Stored data entries
━━━━━━━━━━━━━━━━

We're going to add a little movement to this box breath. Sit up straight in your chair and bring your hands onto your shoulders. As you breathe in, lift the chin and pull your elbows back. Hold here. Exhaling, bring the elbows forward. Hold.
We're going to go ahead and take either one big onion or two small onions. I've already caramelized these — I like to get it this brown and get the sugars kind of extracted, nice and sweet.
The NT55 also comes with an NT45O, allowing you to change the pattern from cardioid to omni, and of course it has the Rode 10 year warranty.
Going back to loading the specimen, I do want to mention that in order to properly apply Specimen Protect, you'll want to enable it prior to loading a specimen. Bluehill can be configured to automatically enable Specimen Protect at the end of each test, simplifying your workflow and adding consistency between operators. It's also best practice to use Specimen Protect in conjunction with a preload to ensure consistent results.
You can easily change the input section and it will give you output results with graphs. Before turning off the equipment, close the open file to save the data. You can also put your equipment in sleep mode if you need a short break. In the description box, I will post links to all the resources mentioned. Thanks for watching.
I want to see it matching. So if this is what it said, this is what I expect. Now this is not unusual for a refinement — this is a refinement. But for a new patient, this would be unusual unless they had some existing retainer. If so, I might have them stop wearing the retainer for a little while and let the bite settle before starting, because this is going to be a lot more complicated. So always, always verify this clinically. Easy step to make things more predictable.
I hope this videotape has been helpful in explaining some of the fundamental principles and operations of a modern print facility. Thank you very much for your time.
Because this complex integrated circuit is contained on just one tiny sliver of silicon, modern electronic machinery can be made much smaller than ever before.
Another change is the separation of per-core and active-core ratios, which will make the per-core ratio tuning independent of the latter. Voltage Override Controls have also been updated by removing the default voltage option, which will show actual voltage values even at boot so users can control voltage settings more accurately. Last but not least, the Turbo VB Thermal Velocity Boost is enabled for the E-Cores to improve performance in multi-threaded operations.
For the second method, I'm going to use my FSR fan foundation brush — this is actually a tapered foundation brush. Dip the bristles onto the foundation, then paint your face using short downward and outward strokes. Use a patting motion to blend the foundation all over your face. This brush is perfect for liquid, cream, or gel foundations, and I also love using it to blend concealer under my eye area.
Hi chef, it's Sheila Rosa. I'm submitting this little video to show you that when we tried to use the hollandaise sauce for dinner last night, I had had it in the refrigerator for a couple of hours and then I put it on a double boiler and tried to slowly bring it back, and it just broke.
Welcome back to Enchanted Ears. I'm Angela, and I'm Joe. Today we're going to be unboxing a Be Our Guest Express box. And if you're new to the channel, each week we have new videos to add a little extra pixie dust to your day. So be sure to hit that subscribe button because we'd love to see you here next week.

━━━━━━━━━━━━━━━━

### [To do]
Produce the entries above once more, identical in every detail.

### [Response to the exercise]
We're going to add a little movement to this box breath. Sit up straight in your chair and bring your hands onto your shoulders. As you breathe in, lift the chin and pull your elbows back. Hold here. Exhaling, bring the elbows forward. Hold.
We're going to go ahead and take either one big onion or two small onions. I've already caramelized these — I like to get it this brown and get the sugars kind of extracted, nice and sweet.
The NT55 also comes with an NT45O, allowing you to change the pattern from cardioid to omni, and of course it has the Rode 10 year warranty.
Going back to loading the specimen, I do want to mention that in order to properly apply Specimen Protect, you'll want to enable it prior to loading a specimen. Bluehill can be configured to automatically enable Specimen Protect at the end of each test, simplifying your workflow and adding consistency between operators. It's also best practice to use Specimen Protect in conjunction with a preload to ensure consistent results.
You can easily change the input section and it will give you output results with graphs. Before turning off the equipment, close the open file to save the data. You can also put your equipment in sleep mode if you need a short break. In the description box, I will post links to all the resources mentioned. Thanks for watching.
I want to see it matching. So if this is what it said, this is what I expect. Now this is not unusual for a refinement — this is a refinement. But for a new patient, this would be unusual unless they had some existing retainer. If so, I might have them stop wearing the retainer for a little while and let the bite settle before starting, because this is going to be a lot more complicated. So always, always verify this clinically. Easy step to make things more predictable.
I hope this videotape has been helpful in explaining some of the fundamental principles and operations of a modern print facility. Thank you very much for your time.
Because this complex integrated circuit is contained on just one tiny sliver of silicon, modern electronic machinery can be made much smaller than ever before.
Another change is the separation of per-core and active-core ratios, which will make the per-core ratio tuning independent of the latter. Voltage Override Controls have also been updated by removing the default voltage option, which will show actual voltage values even at boot so users can control voltage settings more accurately. Last but not least, the Turbo VB Thermal Velocity Boost is enabled for the E-Cores to improve performance in multi-threaded operations.
For the second method, I'm going to use my FSR fan foundation brush — this is actually a tapered foundation brush. Dip the bristles onto the foundation, then paint your face using short downward and outward strokes. Use a patting motion to blend the foundation all over your face. This brush is perfect for liquid, cream, or gel foundations, and I also love using it to blend concealer under my eye area.
Hi chef, it's Sheila Rosa. I'm submitting this little video to show you that when we tried to use the hollandaise sauce for dinner last night, I had had it in the refrigerator for a couple of hours and then I put it on a double boiler and tried to slowly bring it back, and it just broke.
Welcome back to Enchanted Ears. I'm Angela, and I'm Joe. Today we're going to be unboxing a Be Our Guest Express box. And if you're new to the channel, each week we have new videos to add a little extra pixie dust to your day. So be sure to hit that subscribe button because we'd love to see you here next week.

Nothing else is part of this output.